Zoned Block Devices
As the homepage says, QEMU is a generic and open source machine emulator and virtualizer. The project I’ve been working on is adding zoned device support to virtio-blk emulation[1].
QEMU is a big project which looks a bit intimidating at first (and afterward :). It’s also lots of fun investigating different parts to solve problems in the way. Sometimes, I feel like a lousy detective trying to figure out how things fit together. Luckily, my mentors in this project always give me a hand when I am stuck at wrong directions.
Brief introduction¶
Terminology | Abbr. | Concept |
---|---|---|
Shingled Magnetic Recording | SMR | write data in zones of overlapped tracks |
Perpendicular/Conventional Magnetic Recording | PMR/CMR | write data in discrete tracks |
write pointer | WP | it points to the lowest LBA(Logic Block Address) that have not been written of that zone |
sequential write required | SWR | Host Managed Model(HM): write operations must be sequential |
sequential write preferred | SWP | Host Aware Model(HA): unconstrained writes possible |
open zone resource | OZR | the open zone resource in a zone block device is limited |
Zoned storage¶
Imagining the shingles in the roof, SMR writes data in a similar overlapping manner. BY removing the gaps, more data tracks placing on each magnetic surface reflects in wider write head of design. The recording head will advance partial width of one data track after a write. Such overlapping tracks are grouped into zones. The gaps between zones prevents data overwrite from write head changing from one zone to another. (Ignoring-physics version)

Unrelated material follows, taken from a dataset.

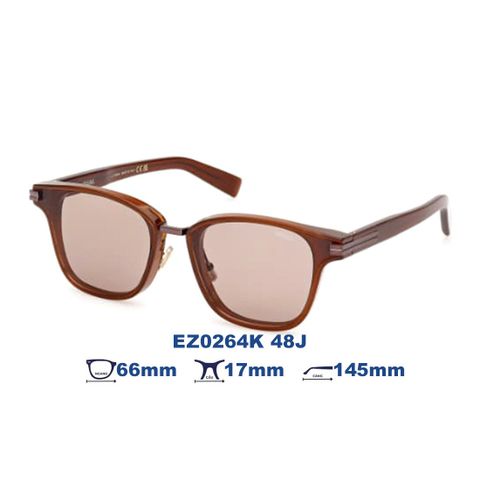 Kính mát Ermenegildo Zegna EZ0264K 48J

What we want to take advantage of SMR in the project is the SWR property. For example, if LBA x
, x+a
is in zone 1, we can’t write x+a
after write x
because it is potentially under another zone. The area dencity of SMR results in higher disk capacity, better erasure coding, reducing adjacent-track interference exposure. Meanwhile, SMR also supports random read like CMR. Therefore SWR is good for data detection and recovery.

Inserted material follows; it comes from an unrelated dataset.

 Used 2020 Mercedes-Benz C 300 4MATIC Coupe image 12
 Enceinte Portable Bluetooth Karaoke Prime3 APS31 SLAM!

The main purpose of zoned storage emulation is to let VM Guest OS see a zoned block device file on the Host OS. However QEMU sees the zoned device as regular block device right now. Meanwhile, I should enable guest driver testing in NVMe ZNS so we can test if our previous works and benchmark it, which would be a nice topic for another blog(once I figure out how benmarking works :)

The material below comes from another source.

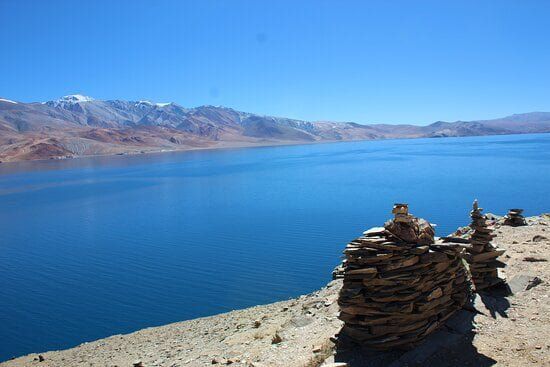 Tsomoriri Lake Viewpoint | Tsomoriri Lake-Hikerwolf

The cool vision about this project is to enable zoned storage on a regular file. It means VM Guest OS can see a regular file as zoned block device file, which is helpful for development related to zoned storage on a machine without such support. Whereas I have some doubts about the overhead and design of such improvement. For example, why should we emulate such zoned device if it maybe not offer enough performance for using? Again, another topic’s saving later.
Virtio-blk device¶
Virtio-blk device is a storage controller that presents host’s block devices to the guest. The structure of storage layers is designed for extensibility and performance. There is a BlockDriverState graph involved with block layers. BlockBackend provides a interface connecting block drivers to other part like qemu-io or virtio-blk device. It has a root pointer points to other nodes in the BlockDriverState graph. Format node and filter node are above protocal node. It is good for adding a BlockDriver inside the big project.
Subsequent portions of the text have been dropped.